We’ve written before on the evolution of the Modern Data Stack and how data governance is driving toward automation through machine learning and AI. What is perhaps not as exciting is the quality of the data underpinning this paradigm shift in modern data analysis. The innovation around automated data governance relies on the precision of the data in the first instance and further emphasises the importance of good quality data.
With the exponential growth of the modern data stack and the way we interact with and manipulate data, the requirement to enforce good data quality is urgent & important.
What is data quality
Data quality is certainly a broad topic with many permutations and multiple definitions. To quote an article on “What is data quality”
"Fleckenstein and Fellows (2018) refer to high-quality data as data that "are fit for their intended uses in operations, decision making and planning". In a similar vein, the National Institute of Standards and Technology defines data quality as: "the usefulness, accuracy, and correctness of data for its application"
It becomes clear that the use case of the data correlates to its quality. And without a clear definition or understanding of data quality, we will be unable to measure data quality, fix issues or reap the benefits.
One particular element that compounds the difficulty of ensuring data quality is the vast and disparate volume of data being generated. Think of the various types of data that might be encountered, from structured, semi-structured to unstructured data.
"Rather than being devoid of any structure, these data have an inner structure. However, this is either unknown prior to data collection, or we don’t have a predefined data model when collecting data."
Snowplow offer 2 characteristics used to define data quality and how to consider it, from their guide to better data quality
"At a basic level, we define data quality using two key characteristics: accuracy and completeness. Whether you realize it or not, being able to trust - and actively trusting - your data undergirds your entire approach to data analytics."
In summary of the definition of data quality; with the sheer magnitude and diversity of data being generated; it is essential to understand “what good looks like” for each variable data type according to your business needs.
Why is this important now
As the growth and adoption of the modern data stack has evolved, we are quickly arriving at the stage where there is simply too much data for us as a human workforce to maintain.
AI and machine learning capabilities are ever present and expanding. Applying these methods and technologies to data quality and data governance is essential in order to properly enforce good data quality.
"Given the volume of information available and the complexity of modern data sources (including unstructured data), it is impossible (or at the very least impractical) for a human workforce to keep up."
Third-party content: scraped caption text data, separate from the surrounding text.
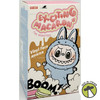 The Monsters Exciting Macaron Plush Figure Vinyl Face Pop Mart 24474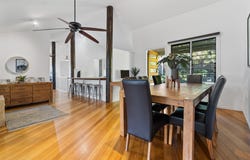 3 Meridian Court, Tanah Merah, Qld 4128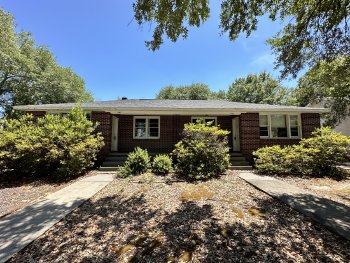 1719 Burnham St , West Columbia,  29169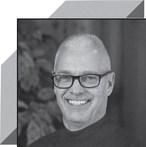 I want a pony by Bob Simmons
There are a plethora of platforms and tools that are focussed entirely on building connectors for multiple data sources, ensuring data can be easily moved and accessed throughout the data lifecycle. This goes on to create an ever increasing void where data quality and data governance are overlooked or not given enough priority.
"Fundamentally, as data becomes central to business, data collection and use becomes less about moving it from one place to another in a specific order and more about being able to collect data from anywhere in real time and perform data validation and enrichment."
Data consumers lack the context needed to navigate the ever-growing data footprint inside their organizations, resulting in a significant distrust in data.
There has never been a more urgent need to prioritise data quality, data governance and the automation of the discipline. At the end of the day, poor data quality will negatively impact the bottom line of any organisation.
Data quality through schema management
At Trackplan our vision is to democratise & automate data governance and help organisations build trust in their data. We’ve begun this journey with our most recent integration with Snowplow Analytics to provide a single source of truth for behavioural data tracking via schema management at the validation layer.
With this integration Trackplan empowers data teams to prioritise and visualise any errors or discrepancies pertaining to data quality, right at the point of ingestion:
- Manage schemas and metadata for Snowplow Data Structures through a collaborative tracking plan with an intuitive UX.
- Create data structures and define your data types, sources, properties and validations used to enforce data quality.
- Sync your latest changes to the schema registry. Manage deployments to development and production environments.
Schema management is just the beginning of the evolution of data governance that is now essential in order to effectively leverage the modern data stack.